Le licenciement économique, qu’il intervienne dans le cadre d’une suppression d’emploi, d’une réorganisation interne ou d’une restructuration plus large, représente toujours un moment particulièrement sensible dans la vie professionnelle d’un salarié. Contrairement au licenciement personnel, il repose sur des circonstances extérieures à la personne du salarié et découle d’une situation vécue ou anticipée par l’entreprise : difficultés économiques, mutations technologiques, réorganisation destinée à sauvegarder la compétitivité ou cessation totale d’activité. Ces motifs, strictement définis aux articles L1233-2 et L1233-3 du Code du travail, doivent être démontrés par l’employeur selon des critères précis et vérifiables.

Pourtant, dans la pratique, de nombreux salariés s’interrogent sur la légitimité de la procédure mise en œuvre : le motif économique est-il réel ? Les critères d’ordre ont-ils été correctement appliqués ? Les obligations de reclassement ont-elles été respectées ? Le plan de sauvegarde de l’emploi est-il suffisant ? Autant de questions légitimes qui révèlent l’importance de connaître les outils permettant de contester, lorsque cela s’avère nécessaire, un licenciement économique individuel ou collectif.

Les enjeux sont considérables : perte d’emploi, compensation financière, droits au chômage, possibilité de réintégration, protection contre une rupture irrégulière ou injustifiée. Pour défendre efficacement ses intérêts, le salarié doit comprendre les voies de recours, les délais pour agir, les juridictions compétentes et les conséquences juridiques d’une contestation. Car si le licenciement économique obéit à une procédure très encadrée, le non-respect d’une seule de ses étapes peut suffire à remettre en cause toute la décision.

defendstesdroits.fr propose ici une analyse complète et structurée afin d’aider chaque salarié à identifier ses droits, examiner la légalité du motif avancé et saisir la juridiction compétente en cas de litige. L’objectif est d’offrir une compréhension approfondie des mécanismes de contestation, fondée sur des textes légaux, la jurisprudence récente et les obligations de l’employeur à chaque étape du processus

Sommaire

  1. Introduction
  2. Motifs permettant de contester un licenciement économique
  3. Irrégularités de procédure ouvrant droit à contestation
  4. Particularités du PSE et voies de recours
  5. Contestation après acceptation d’un CSP
  6. Délais pour agir et juridictions compétentes
  7. Conséquences et indemnisations possibles
  8. Conclusion

Peut-on contester un licenciement économique ? Les fondements juridiques du recours

Le licenciement économique peut être contesté pour plusieurs raisons clairement identifiées par la loi et la jurisprudence.
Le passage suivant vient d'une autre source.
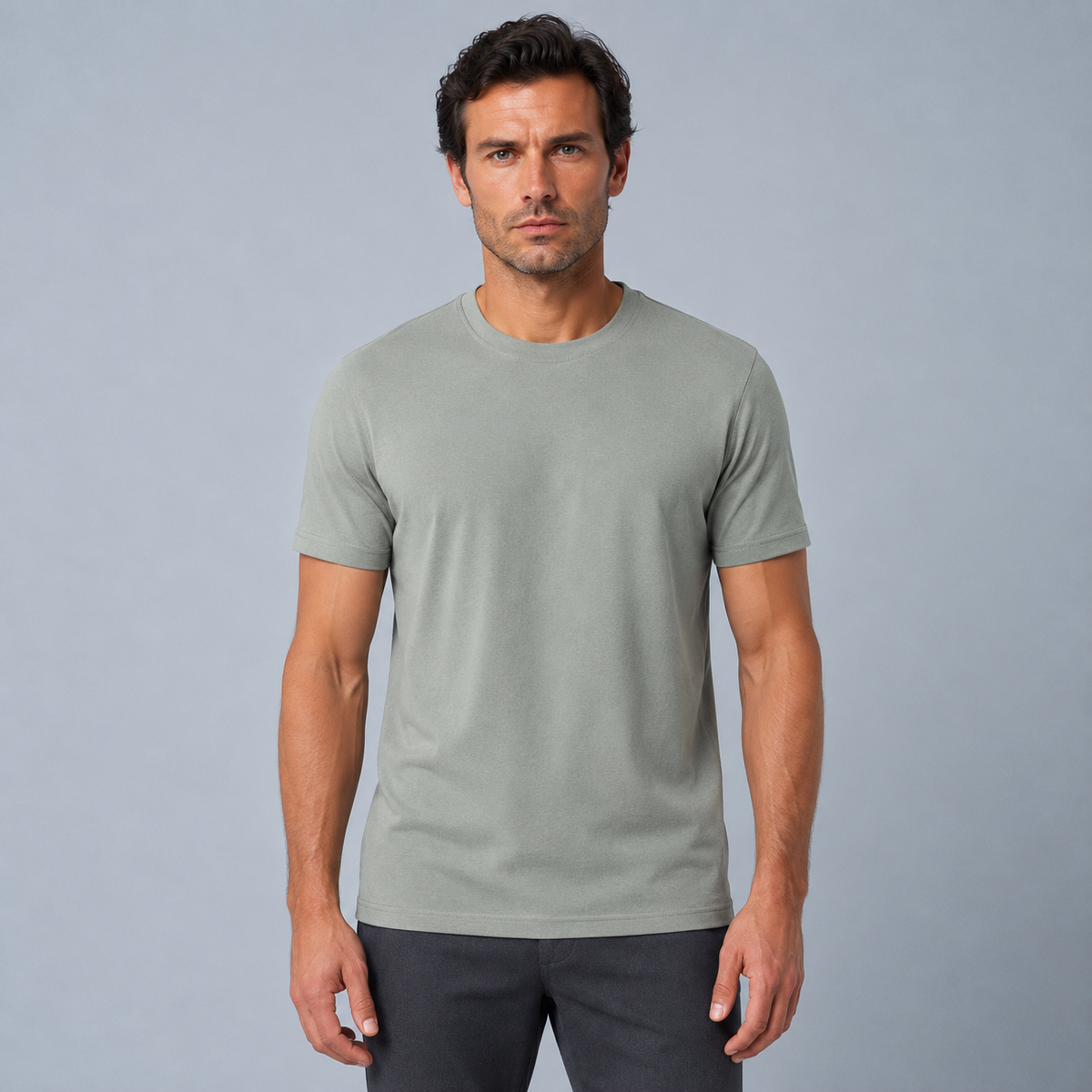 Men's Cotton Crew Neck Soft Touch T-Shirt Black Canvas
Contester pour absence de cause réelle et sérieuse

Selon l’article L1233-2 du Code du travail, un licenciement économique n’est valable que si son motif repose sur :

  • des difficultés économiques ;
  • des mutations technologiques ;
  • une réorganisation nécessaire à la sauvegarde de la compétitivité ;
  • la cessation d’activité de l’entreprise.
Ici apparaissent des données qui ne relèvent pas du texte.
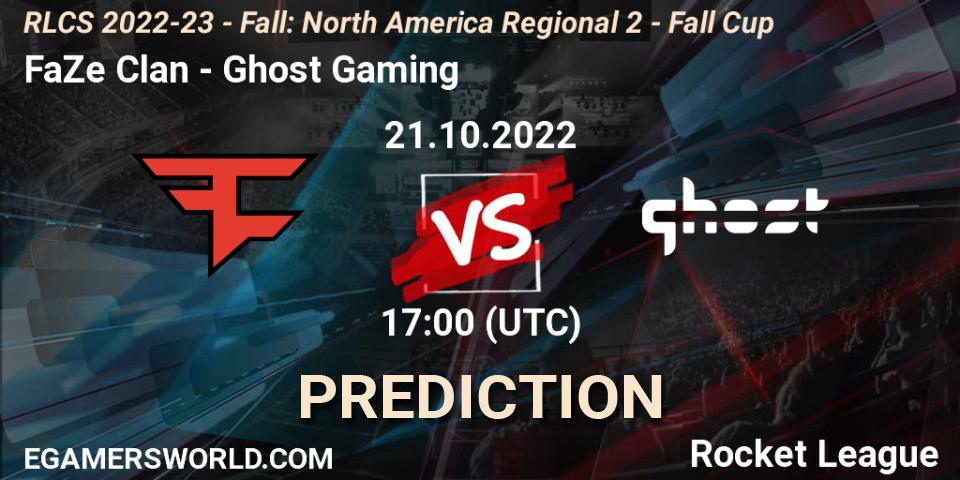FaZe Clan - Ghost Gaming: ennuste. 21.10.2022 at 17:00, Rocket League, RLCS 2022-23 - Fall: North America Regional 2 - Fall Cup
Le juge examine avec précision la réalité et la gravité de ces éléments, conformément à l’article L1233-3.
Il vérifie notamment :

  • les données économiques (baisse du chiffre d’affaires, baisse des commandes, pertes d’exploitation) ;
  • la cohérence des restructurations ;
  • le lien entre le motif économique et la suppression du poste ou la transformation du contrat.

Exemple jurisprudentiel : Une baisse de commandes appréciée sur la période pertinente peut justifier un licenciement, mais une hausse – même légère – peut suffire à rendre la rupture dépourvue de cause réelle et sérieuse (Cass. soc., 1er juin 2022, n°20-19957).

Contester un licenciement économique pour irrégularité de procédure

Le licenciement économique, même justifié, peut être sanctionné si la procédure n’a pas été respectée.
Cette procédure varie selon :

  • le nombre de salariés concernés ;
  • l’existence ou non d’un CSE ;
  • l’effectif de l’entreprise.
Les étapes de procédure dont le non-respect peut justifier une contestation

Parmi les étapes obligatoires, les juges contrôlent notamment :

  • la consultation du CSE (lorsqu’il existe) ;
  • la recherche de reclassement conforme à l’article L1233-4 ;
  • la détermination de l’ordre des licenciements, selon les critères légaux (article L1233-5) ;
  • la convocation à entretien préalable (article L1233-11) lorsque la procédure individuelle s’applique ;
  • le respect des délais légaux pour la tenue de l’entretien et l’envoi de la lettre de licenciement (article L1233-15) ;
  • l’information obligatoire de la DREETS (articles L1233-19 et D1233-3).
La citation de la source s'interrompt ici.